-- INFORMATION follows --
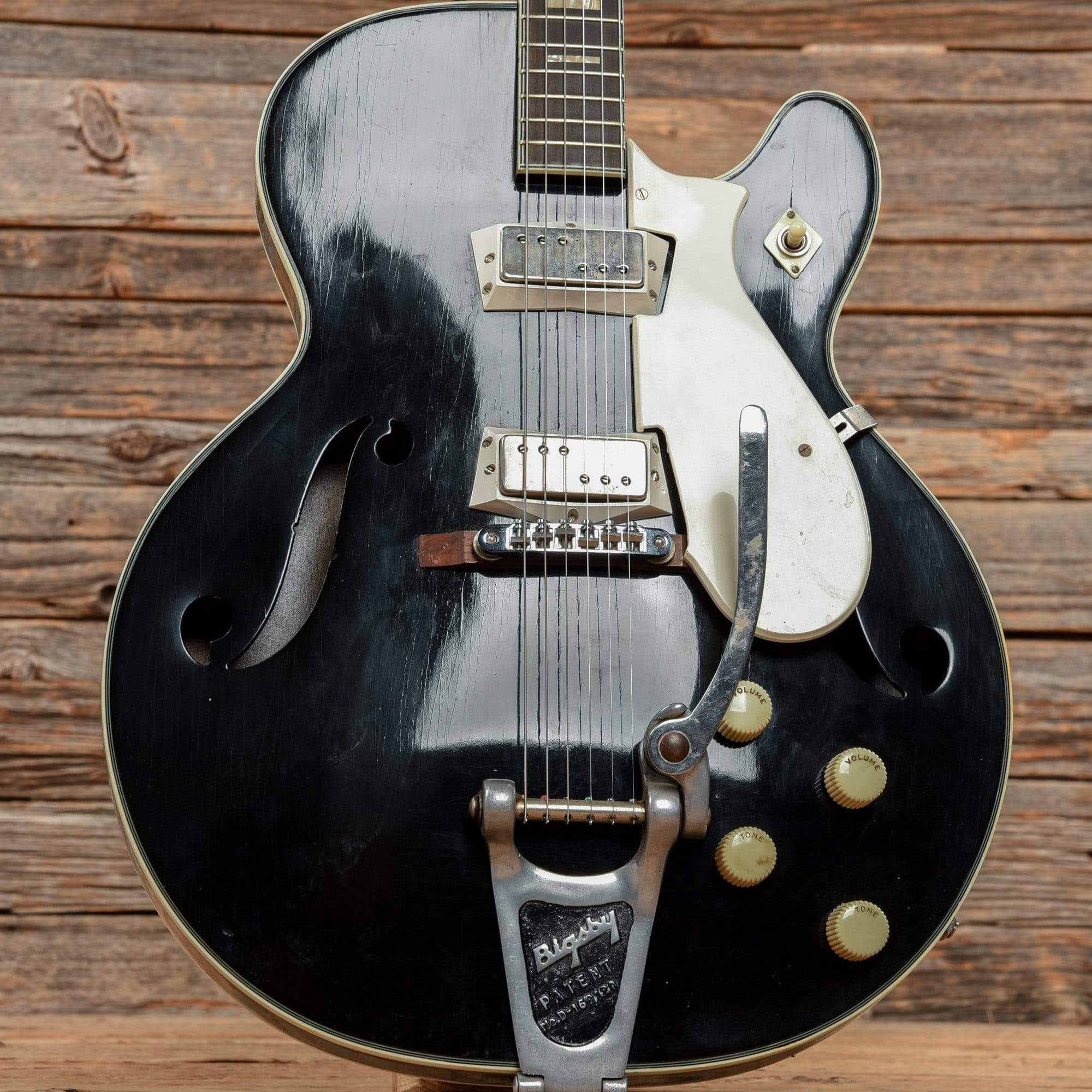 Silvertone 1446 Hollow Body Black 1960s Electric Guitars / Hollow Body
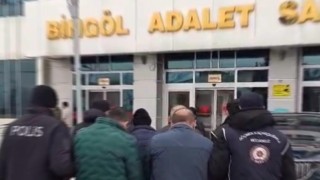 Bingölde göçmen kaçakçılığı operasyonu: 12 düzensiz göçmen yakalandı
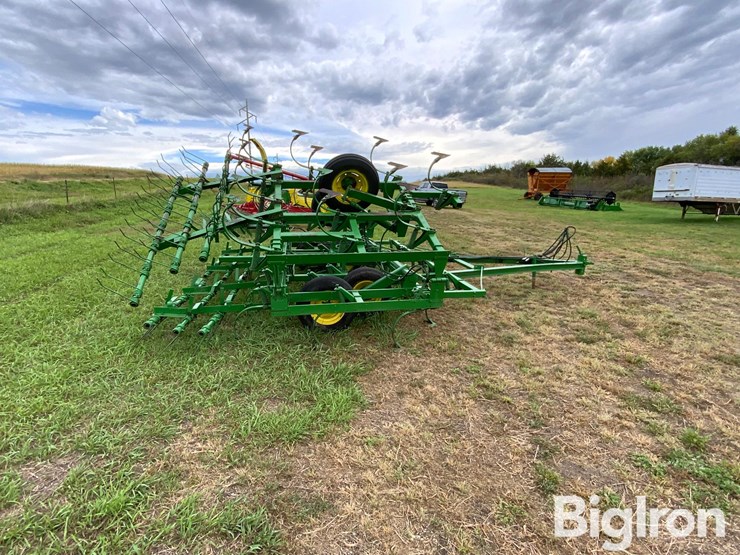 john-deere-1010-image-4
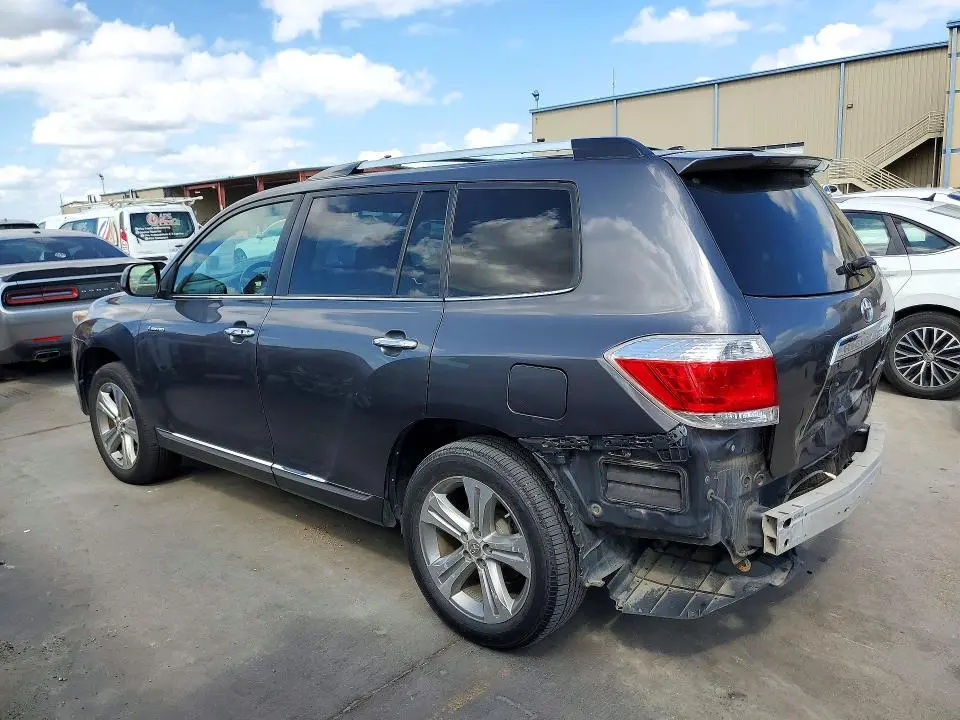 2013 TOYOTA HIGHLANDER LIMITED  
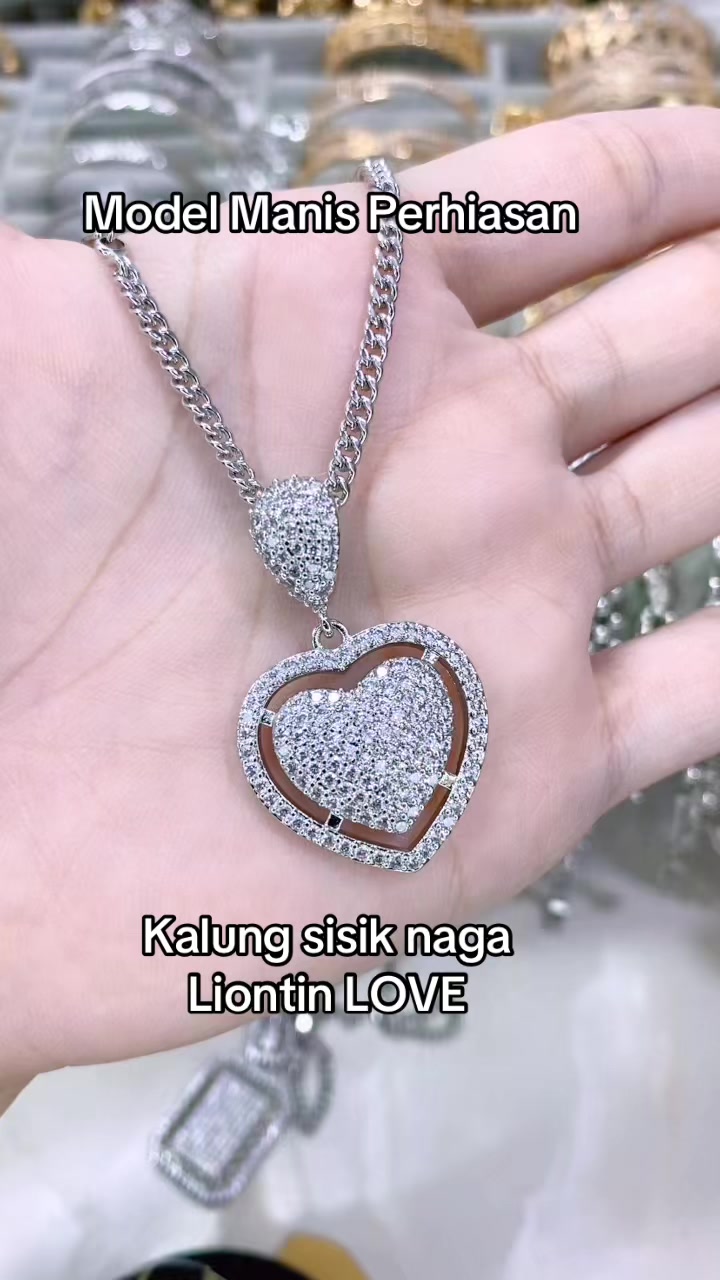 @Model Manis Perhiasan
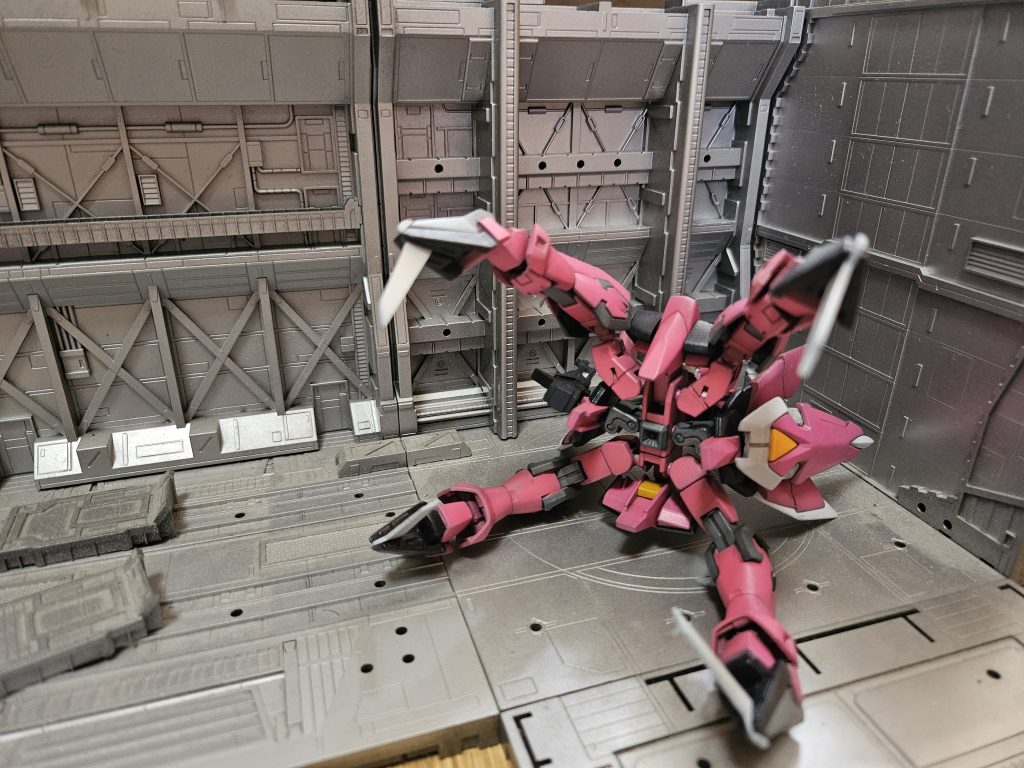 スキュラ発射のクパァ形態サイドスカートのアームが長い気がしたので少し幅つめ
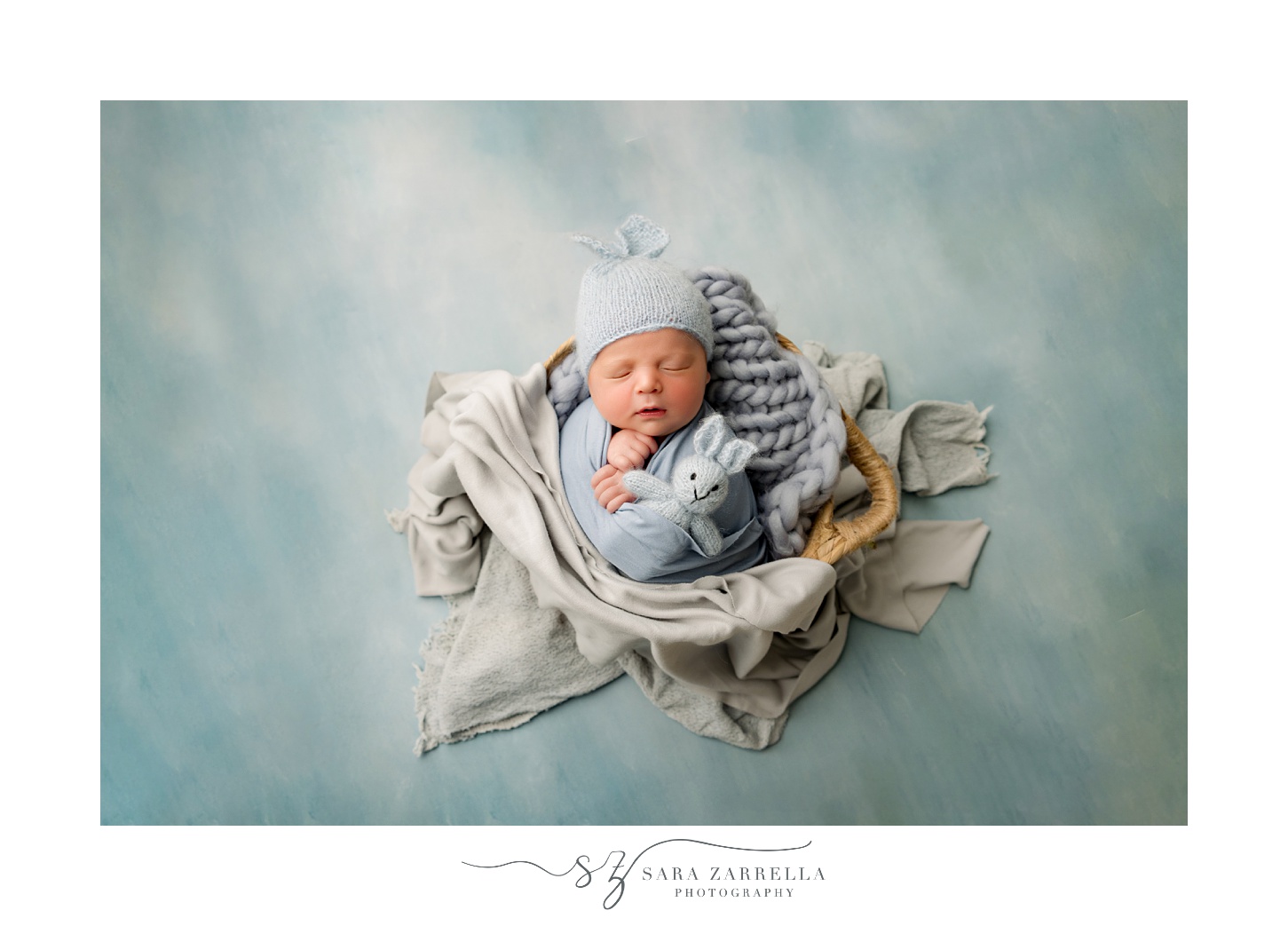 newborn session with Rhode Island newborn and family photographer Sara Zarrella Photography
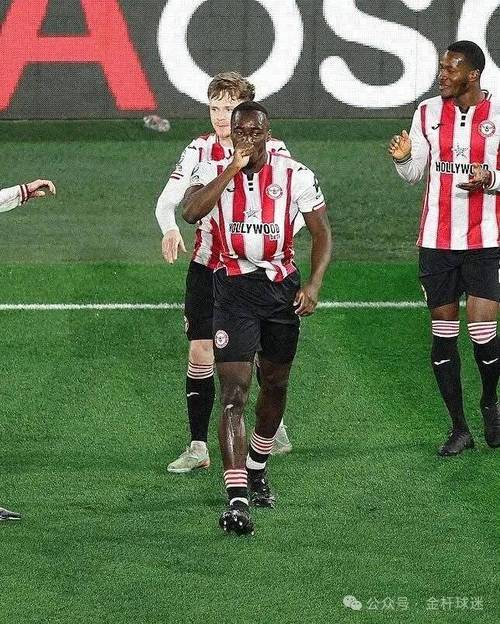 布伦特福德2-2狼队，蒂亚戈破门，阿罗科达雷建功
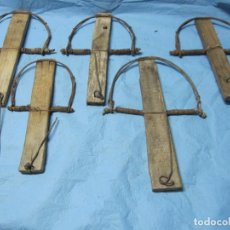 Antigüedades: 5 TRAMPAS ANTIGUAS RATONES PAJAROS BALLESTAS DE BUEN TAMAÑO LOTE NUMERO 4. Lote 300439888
-- INFORMATION concluded --
▶ [ACTION ITEM] Wherever a picture appears in the material above, skip it and copy the rest without change.

▶ [SOLUTION BELOW]
 Silvertone 1446 Hollow Body Black 1960s Electric Guitars / Hollow Body
 Bingölde göçmen kaçakçılığı operasyonu: 12 düzensiz göçmen yakalandı
 john-deere-1010-image-4
 2013 TOYOTA HIGHLANDER LIMITED  
 @Model Manis Perhiasan
 スキュラ発射のクパァ形態サイドスカートのアームが長い気がしたので少し幅つめ
 newborn session with Rhode Island newborn and family photographer Sara Zarrella Photography
 布伦特福德2-2狼队，蒂亚戈破门，阿罗科达雷建功
 Antigüedades: 5 TRAMPAS ANTIGUAS RATONES PAJAROS BALLESTAS DE BUEN TAMAÑO LOTE NUMERO 4. Lote 300439888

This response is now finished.